Man Falsely Imprisoned for 24 Years Seeks Damages
Attorneys for Thomas Lee Goldstein, who spent 24 years in prison for a murder he did not commit, announced Wednesday that they had filed damage claims, alleging that police officers and prosecutors had committed egregious acts of misconduct that cost the Vietnam veteran the prime years of his life.
“For the police to fabricate evidence and use perjured testimony to achieve their conviction” was an “egregious affront” to Goldstein and the Constitution that calls for compensation, said Ronald O. Kaye, Goldstein’s attorney, at a Pasadena news conference.
Goldstein, 55, said he could never be compensated for the years lost to prison.
“I was 31 years old. I never got married, I never had children, I never started my career. No human being should have to suffer what I went through,” Goldstein said.
Since his release April 2, Goldstein has been attempting to re-acclimate to life as a free man. He attended his first Passover Seder in a quarter of a century, had his first beer and started to explore the Internet.
Last week, he returned to his native Kansas for a five-day reunion with his mother, two brothers and a sister.

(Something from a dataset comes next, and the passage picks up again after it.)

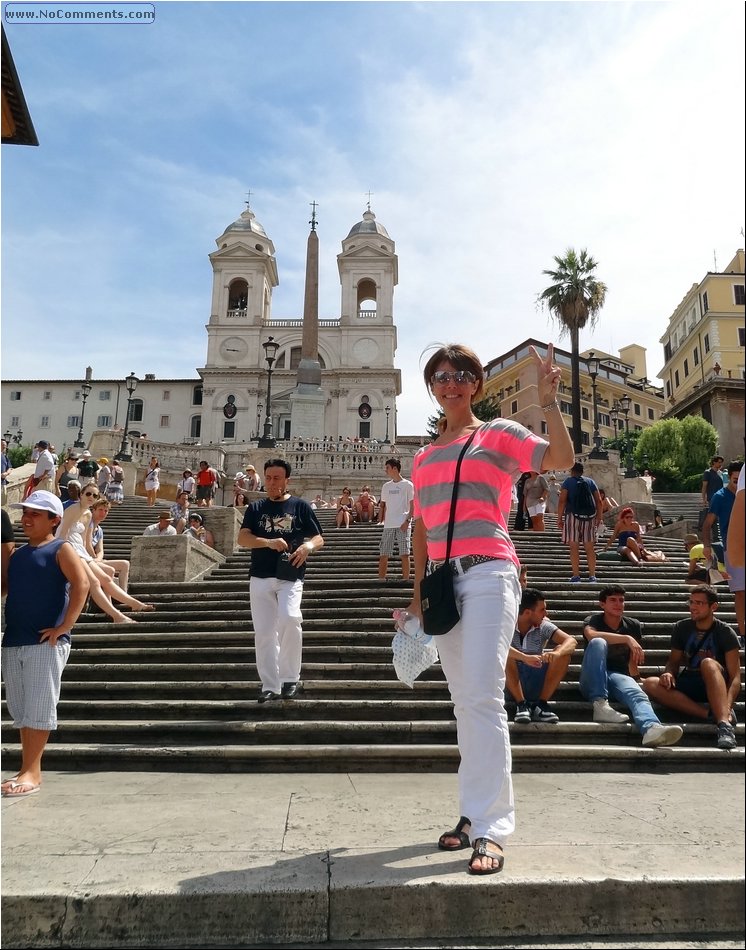 Sue at Spanish steps.JPG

He said he met for the first time nieces and nephews who had “known me as the uncle in the pen.”
Los Angeles County Superior Court Judge James B. Pierce freed Goldstein after prosecutors said that they would not retry Goldstein on charges that he had shotgunned John McGinest to death in November 1979.
Pierce earlier had dealt a critical blow to the case when he ruled that prosecutors would not be allowed to present the transcript of testimony given at a 1980 trial by Loran Campbell, the only eyewitness against Goldstein.
Campbell recanted his testimony in 2002 and died last year.
In recent years, five federal judges said Goldstein’s constitutional rights had been violated at the trial, where he was sentenced to 27 years to life in prison. Campbell’s testimony was improperly influenced by police officers, the judges ruled.
And the judges found that police and prosecutors had sat mute as longtime jailhouse informant Edward F. Fink -- who said Goldstein confessed to him in a jail cell -- lied when he testified that he had received no benefit for his testimony.
In reality, prosecutors had agreed to drop one case against Fink, a career criminal, and to reduce charges in another.
Goldstein, an honorably discharged Marine, was attending Long Beach City College and living in a garage near the scene of McGinest’s slaying when he was arrested in November 1979. Goldstein had always maintained his innocence and reiterated that Wednesday. No physical evidence tied him to the crime.
The claims filed this week asserted that police and prosecutors conspired to violate Goldstein’s civil rights, maliciously prosecuted him, falsely imprisoned him, defamed him and subjected him to emotional distress.
The complaint against Los Angeles County names two retired prosecutors, Kurt S. Seiffert and Timothy Browne, and Patrick Connolly, who represented the district attorney’s office in the most recent proceedings against Goldstein.
Sandi Gibbons, spokeswoman for the district attorney’s office, said, “We don’t comment on civil litigation.” H. Anthony Nicklin, principal deputy county counsel, said his office would respond within 45 days.
The complaint against the city of Long Beach names four officers -- John Henry Miller, William B. Collette, William McLyman and Logan Wren -- who worked on the investigation and prosecution of Goldstein and are now retired.
It also names detectives Perine Soth and Richard Birdsall, who allegedly violated an order by the U.S. 9th Circuit Court of Appeals that Goldstein be released forthwith.
Long Beach City Atty. Robert E. Shannon said he thought that Goldstein was barred from filing a claim against the city now because he filed a similar claim from prison in 1998.